美琴が移籍後おそらく初の大仕事になるだろうWINGに「敗退したらアイドルをやめる8歳下の女子高生」と二人で挑まされた美琴の心境いかばかりか。しかし、それもプロデューサーからすれば至極当然の理屈として、「幸せになるべき二人だから」と選んでいたのかもしれません。
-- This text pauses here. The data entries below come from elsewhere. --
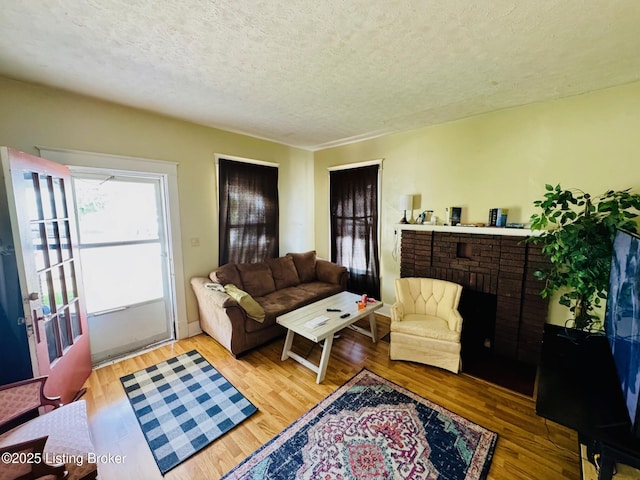 living room with a textured ceiling, hardwood / wood-style flooring, and a brick fireplace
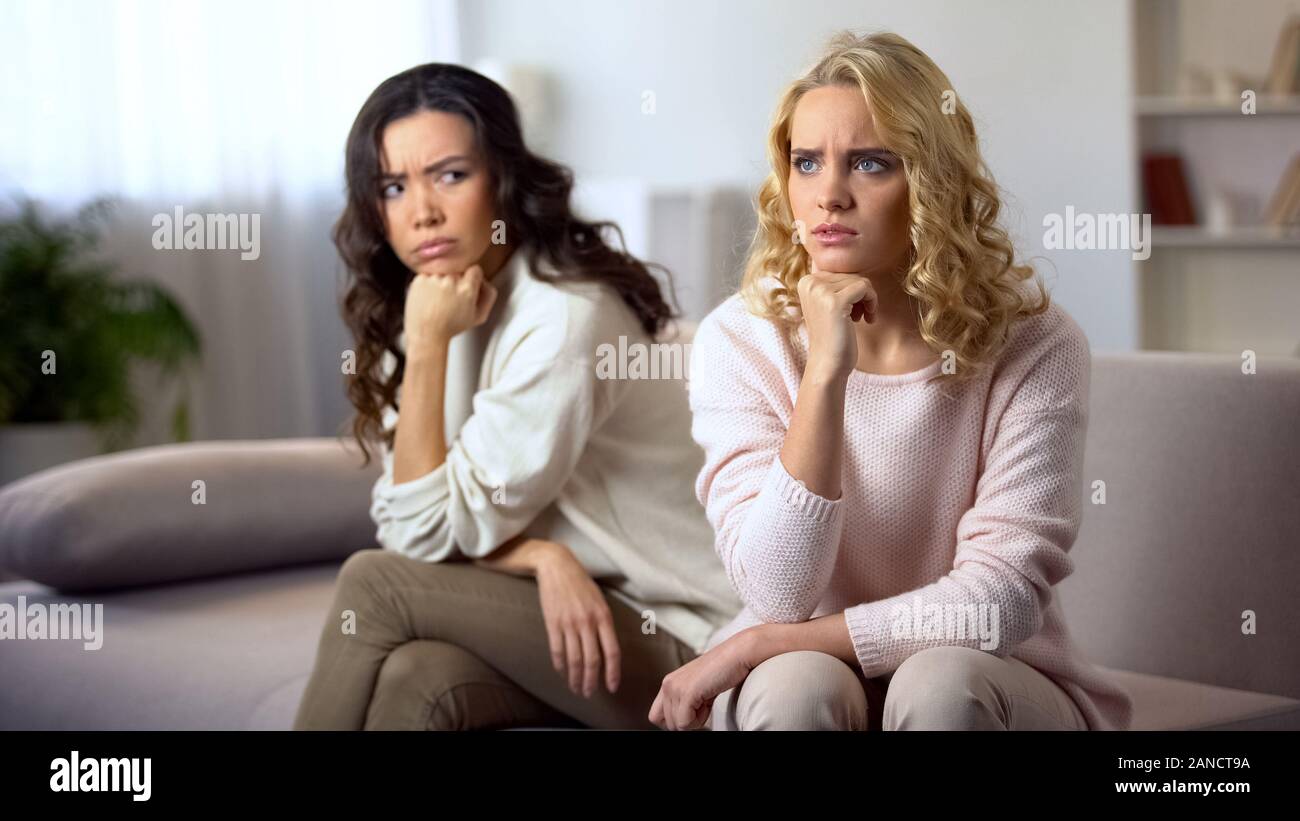 Young woman wants to reconcile with friend, angry after conflict, relations Stock Photo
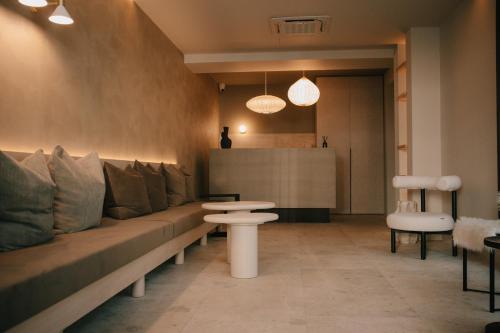 a long couch with pillows and a table in a room at Alinea Lano Old Town Center in Limassol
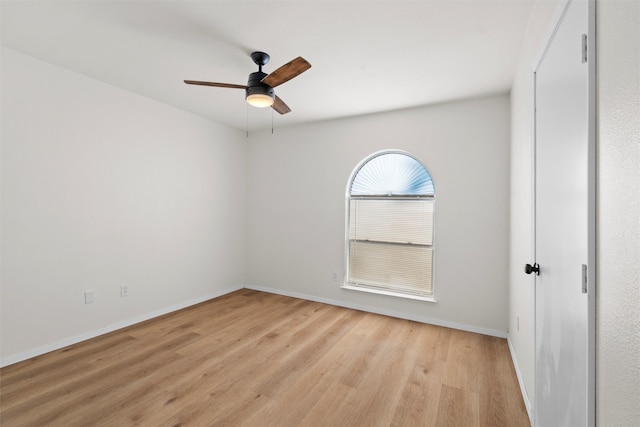 spare room featuring baseboards, light wood-style floors, and ceiling fan
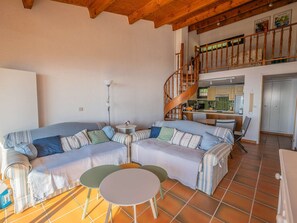 A living room with a sofa, two small tables, a staircase, and a kitchen in the background. - APARTMENT WITH PANORAMIC SEA VIEW (STE MAXIME)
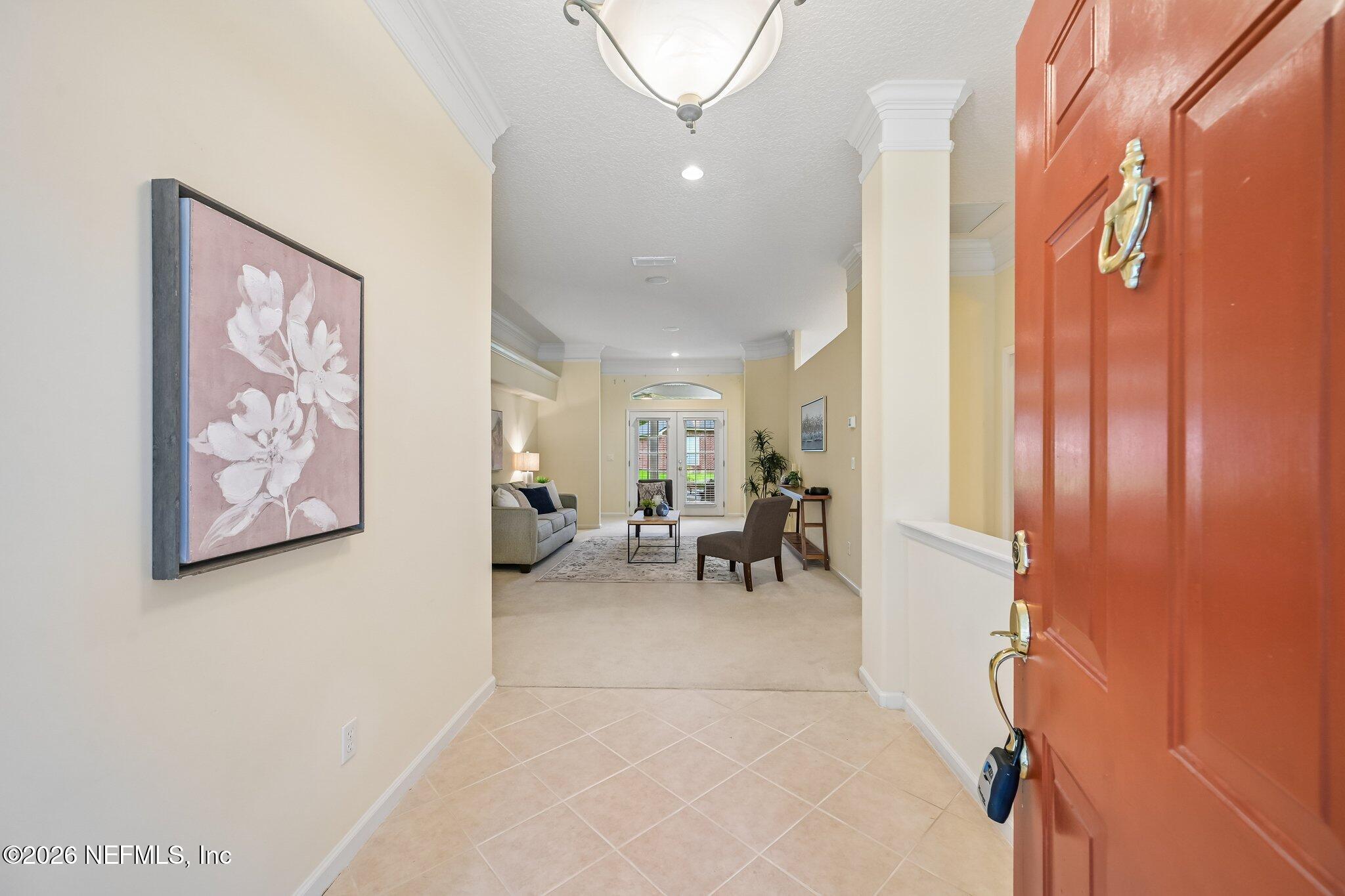 Tiled entry foyer with an open red front door and furnished living room beyond.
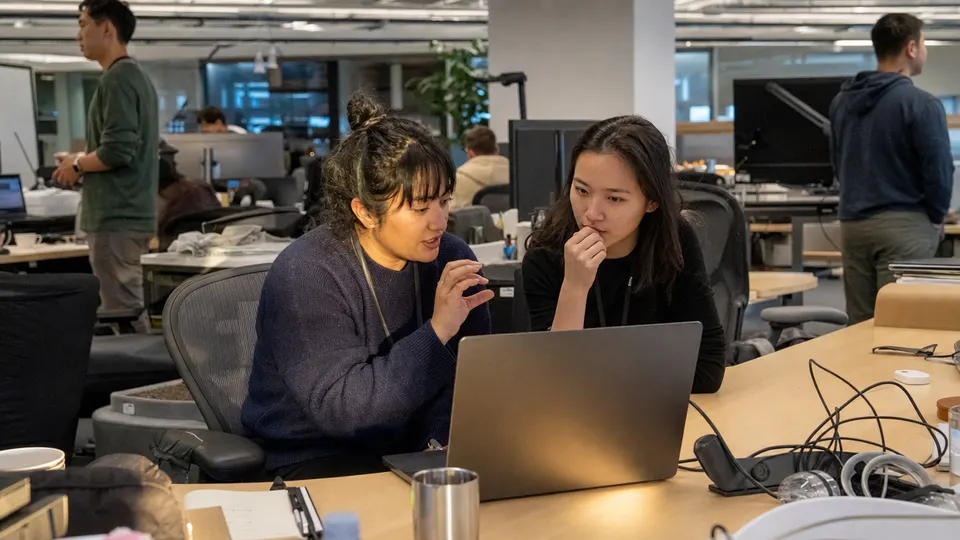 Two Anthropic employees discuss a laptop at the company’s San Francisco office, with late-afternoon sunlight on the desk.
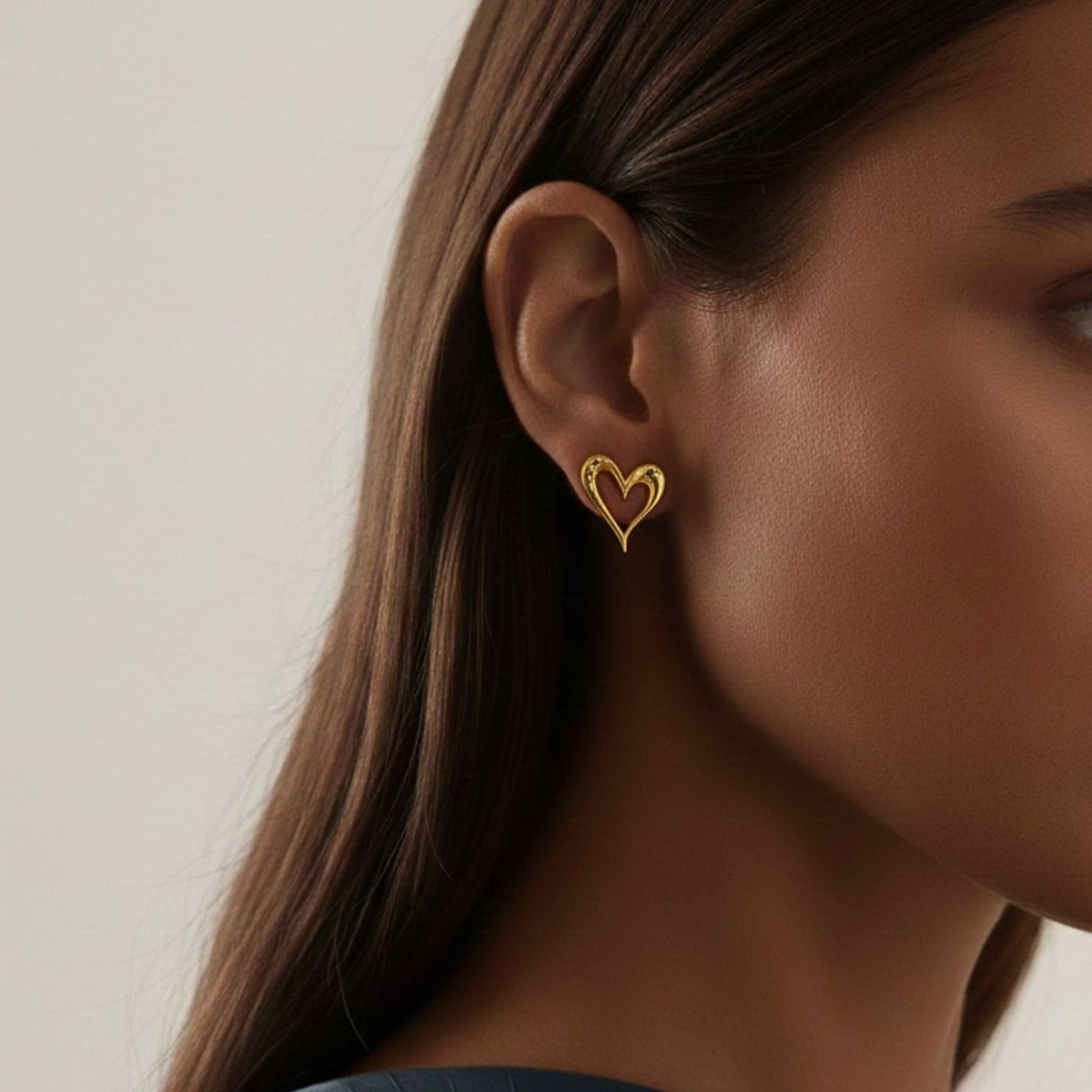 Un woman avec straight brown hair wears JAREDJAMIN Bijoux en Ligne’s Heartfelt boucles d'oreilles. Les focus on her face et ear against a neutral background highlights the romantic or heart-shaped bijoux et her smooth, clear skin.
最後に、今回多様された「壁」の表現。卵の殻だとわかるそれは、今までのコミュを想うと思い当たるものがちらほらと。美琴がどうしてそこまで「誰かを感動させるような」というある種他人を必ず必要とする夢を持つのか、それはシンプルに「外の世界へ自分も行きたい」という思いでした。この点をもってさえ、彼女が特別で普通な人間であることを感じられるようです。アイドルという場に繋がりや誰かとの関わりを求めることは、ファンはもちろん、アイドル当人でさえ思うことであるというのは、様々なアイドルがシャニマスで見せてくれたことでしょう。
そして、壁を壊そうと、このままではいられないというその姿は、やはり彼女の相方の初期の姿を想わざるを得ません。年齢にも経験にも大きな差がある二人でしたが、美琴がそれを自覚した時期、にちかが憧れ続けた時期を想えば、彼女達は同じスタートラインから走り出したのかもしれません。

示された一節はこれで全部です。